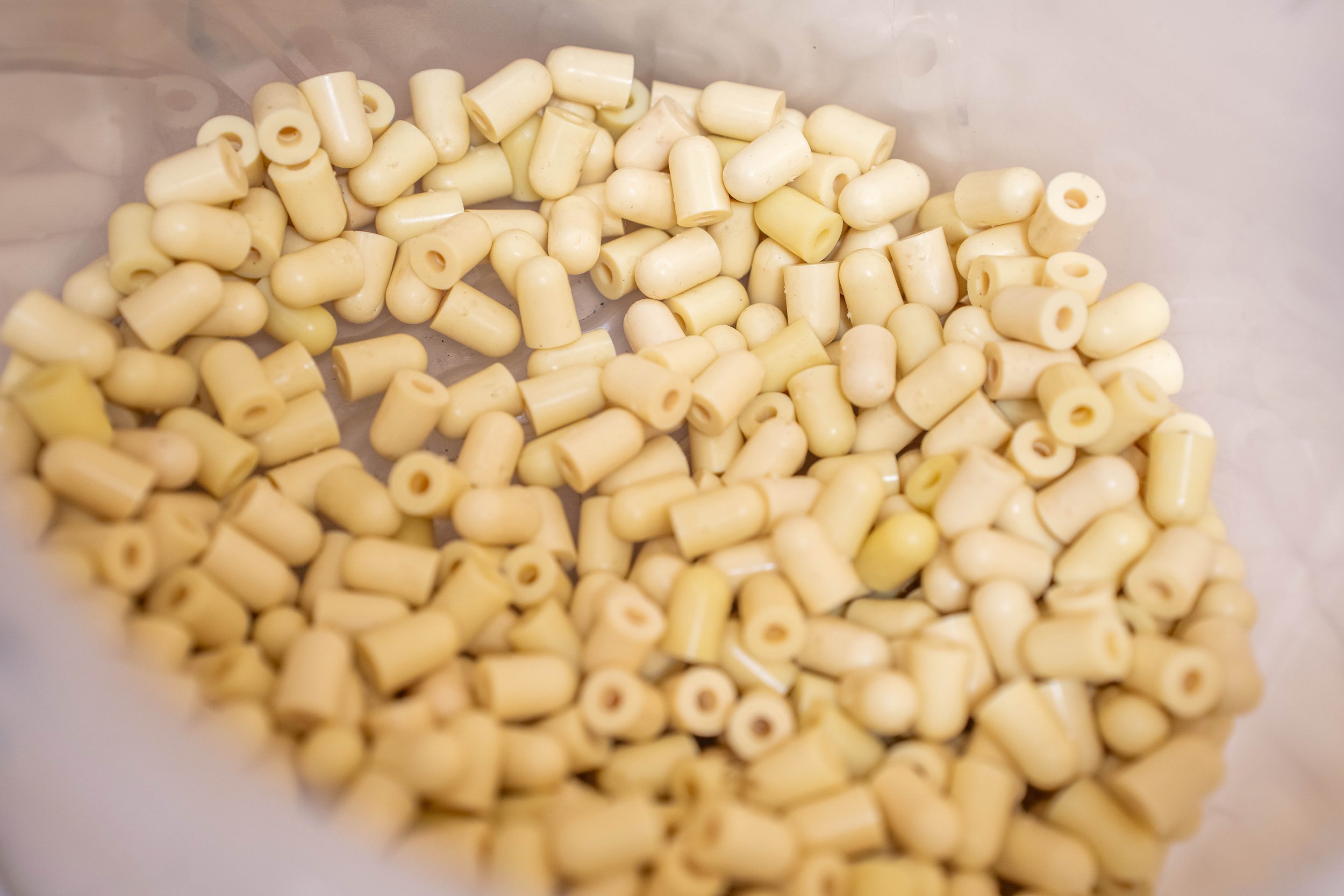 A container filled with small, cream-colored, capsule-shaped food supplements or pills.
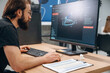© standret - Computer with 3d printer. Man is in the modern office, one person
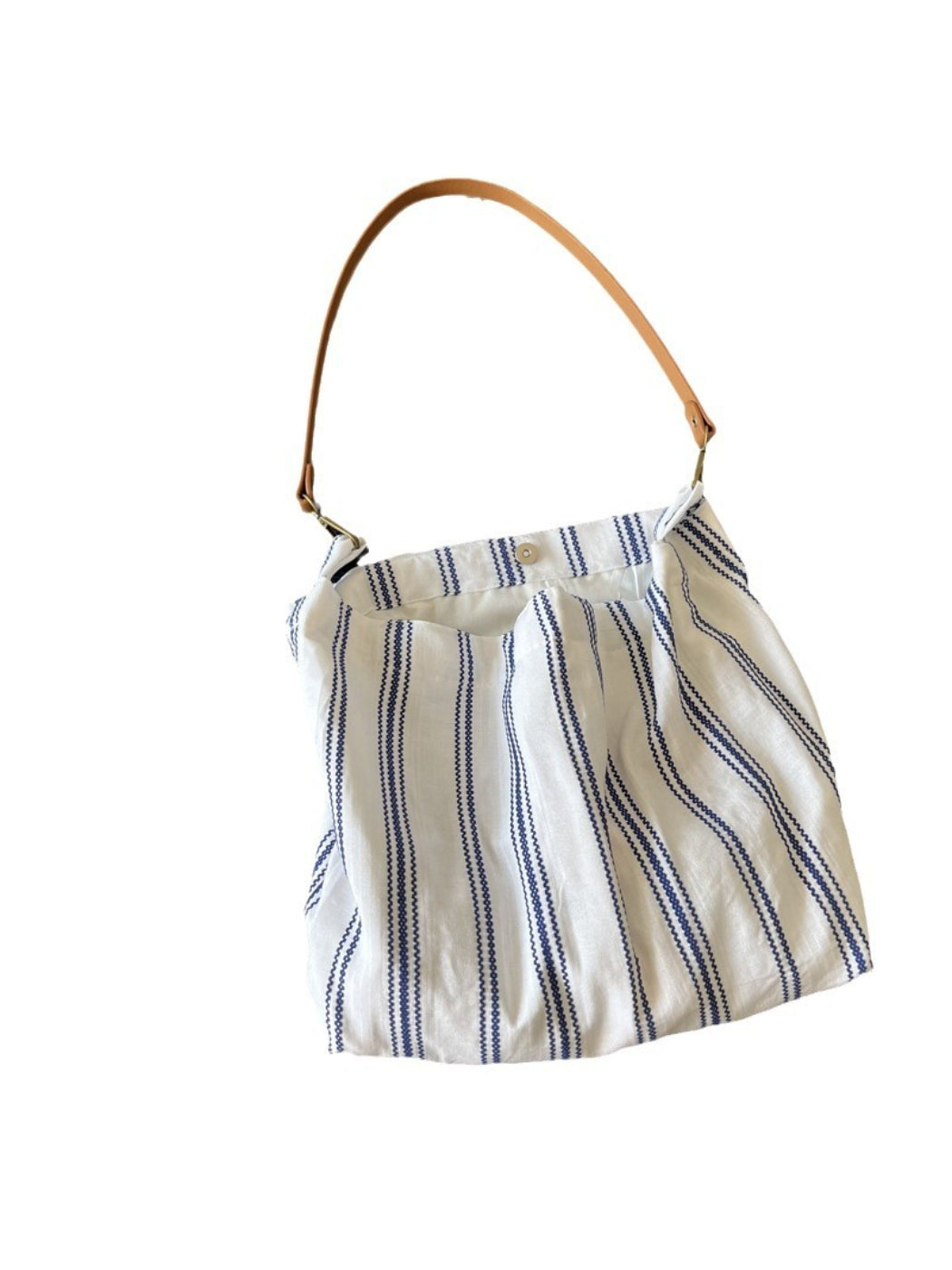 Side view of Cosbai blue stripe slouch shoulder bag highlighting its slouchy shape and blue stripes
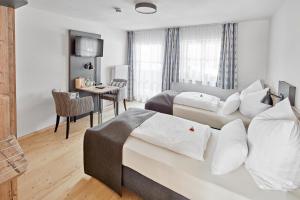 ein Hotelzimmer mit einem Bett, einem Schreibtisch und einem Zimmer in der Unterkunft Hotel Garni Alte Säge Ruhpolding in Ruhpolding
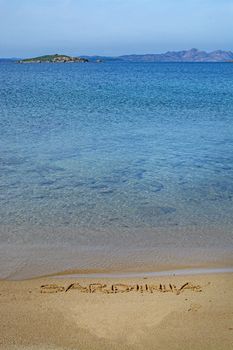 Sardinia word written in sand on a beach in Costa Smeralda, Sardinia, Italy.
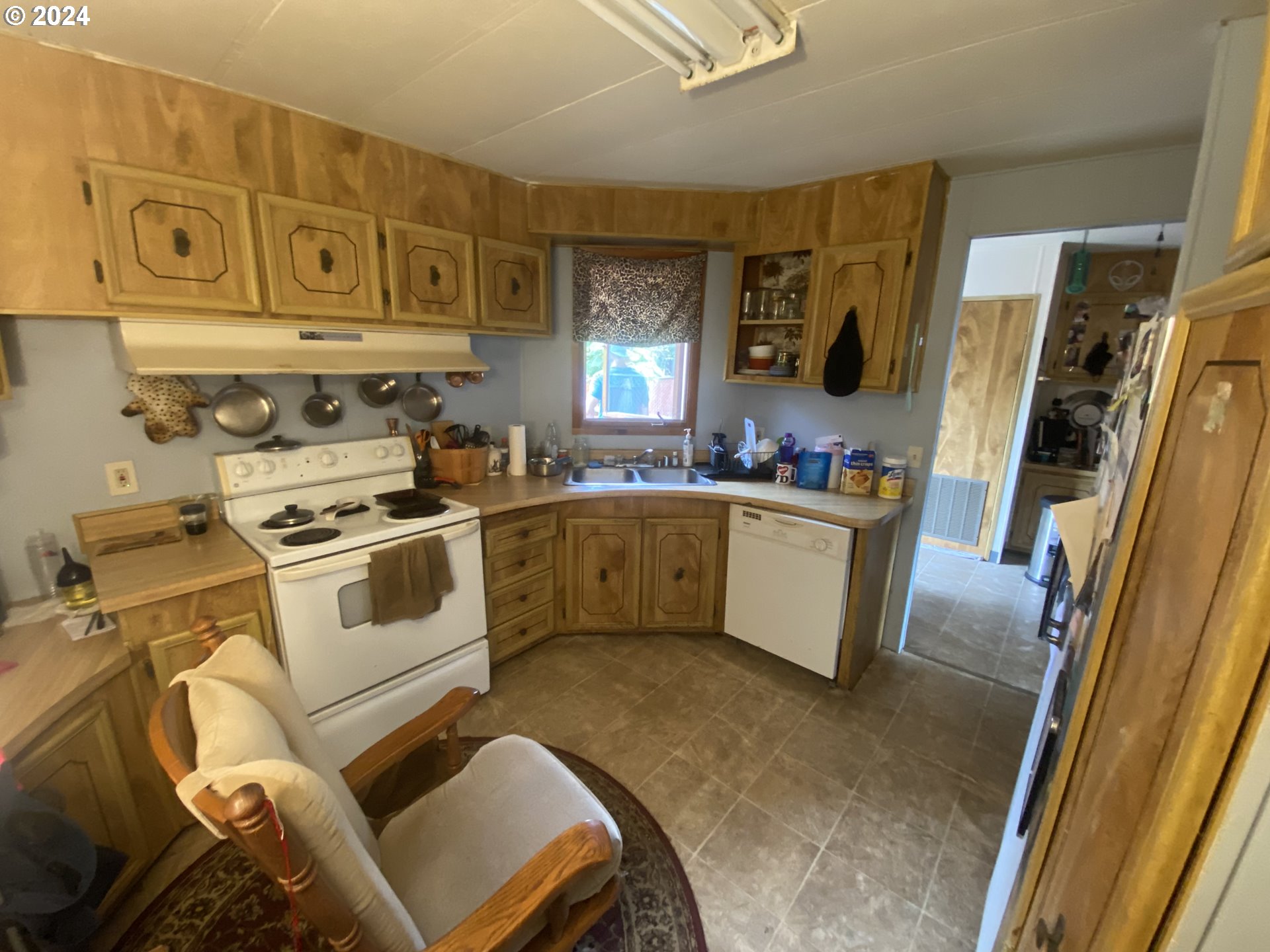 237 Waite Street Eugene, OR 97402 - Photo 7 of 17 a white kitchen with stainless steel appliances granite countertop a stove a sink and a refrigerator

- - -

Reproduce all entries above exactly, minus the images.

 A container filled with small, cream-colored, capsule-shaped food supplements or pills.
© standret - Computer with 3d printer. Man is in the modern office, one person
 Side view of Cosbai blue stripe slouch shoulder bag highlighting its slouchy shape and blue stripes
 ein Hotelzimmer mit einem Bett, einem Schreibtisch und einem Zimmer in der Unterkunft Hotel Garni Alte Säge Ruhpolding in Ruhpolding
 Sardinia word written in sand on a beach in Costa Smeralda, Sardinia, Italy.
 237 Waite Street Eugene, OR 97402 - Photo 7 of 17 a white kitchen with stainless steel appliances granite countertop a stove a sink and a refrigerator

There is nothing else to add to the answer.